Re:State
- Formation: 2001; 25 years ago
- Type: Think tank
- Legal status: Company limited by guarantee and charity
- Headquarters: London, United Kingdom
- Director: Charlotte Pickles
- Website: No URL found. Please specify a URL here or add one to Wikidata.

= Re:State =

British think tank

The Re:State Trust, formerly Reform Research Trust, is a think tank which publishes its own research and also publishes papers from external authors. It was founded by Nick Herbert (later a Conservative MP) and Andrew Haldenby.

The trust is a private limited company with charitable status. The name "The Reform Research Trust" was first registered with Companies House on 4 March 2004 and as a charity on 13 May 2004.

The trust is funded by a combination of corporate sponsorship (mainly of events), individual donations, and some competitively-allocated grants. Re:State rigidly retains editorial control over all of its written output.

The think tank publishes reports on a variety of issues, using both qualitative and quantitative methods, including data analysis, comparative analysis, and elite interviews, to inform its policy proposals. It uses an external peer-review process on most of its research outputs.

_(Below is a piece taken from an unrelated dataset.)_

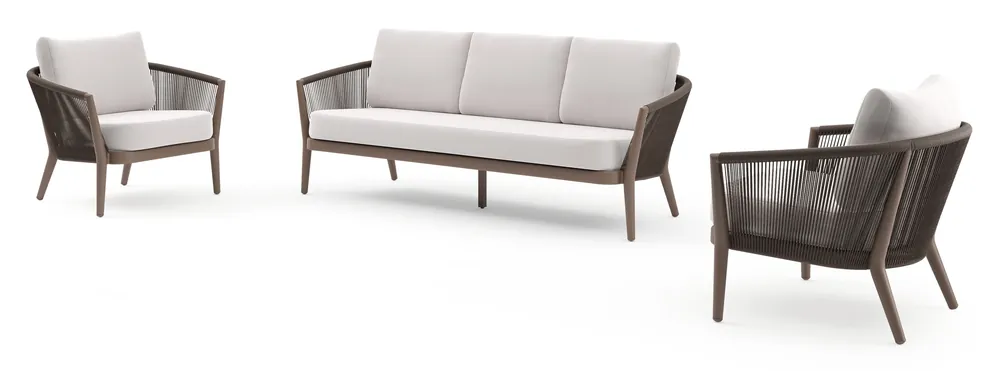 Koopje Orso loungeset in taupe aluminiumen zwart verticaal geweven ronde rope met Savane Whisper all weather sunbrella® luxe kussen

Re:State has published reports on devolution, Whitehall reform, health and education reform, Britain's regional economic performance, the economic position of young people, and on the tax and welfare system.

It also hosts an active events programme, with a mix of private roundtables and public panel discussions, often featuring significant politicians or senior officials as speakers.

==People==
Previous deputy directors include Liz Truss, who subsequently became Prime Minister, and Nick Seddon, who was appointed as a Senior Policy Advisor for Health and Social Care to Prime Minister David Cameron.

=== Advisory board ===
- Baroness Nicky Morgan, former Secretary of State
- Björn Savén, chairman, IK Investment Partners Ltd.
- Dame Clare Moriarty, Former Permanent Secretary, Department for Exiting the European Union
- Dame Meg Hillier, Member of Parliament for Hackney South and Shoreditch
- Deborah Cadman, Chief Executive, West Midlands Combined Authority
- Robert Nisbet, Former Senior Political Correspondent, Sky News
- Katie Perrior, Former Director of Communications, No. 10 Downing St.
- Caroline Flint, former Labour MP and Minister
- Sir Peter Gershon, former senior civil servant

=== Trustees ===
- James Palmer, Chair
- Catherine Davies, Managing Partner, Monticle
- Dr Lara Stoimenova, Managing Partner, Sigma Economics
- Jeremy Sillem, Managing Partner and co-founder of Spencer House Partners
- Gavin Boyle
- John St John

Speakers at the trusts events have included:
- Andy Burnham and Sadiq Khan (Labour);
- Theresa May and Jeremy Hunt (Conservative);
- Danny Alexander and Norman Lamb (Liberal Democrat).

==Name of trust==
The Trust was originally named "The Reform Research Trust" however it sometimes referred to itself simply as "Reform".

The Trust adopted the name Re:State in May 2025, in response to growing confusion caused by the emergence of the Reform UK political party.

In November 2020 the trust voiced its opposition to the electoral committee when the Brexit Party intended to change its name to Reform UK. The charity feared that its non-partisan status would be brought into disrepute by the name change, and requested for the party to come up with an alternative. In January 2021, the Electoral Commission approved of the Brexit Party's name change to Reform UK.

== Funding ==
In November 2022 Re:State was given a 'B' grade for funding transparency by Who Funds You?, meaning that they named at least 85% of donors that provided more than £5,000 of funding.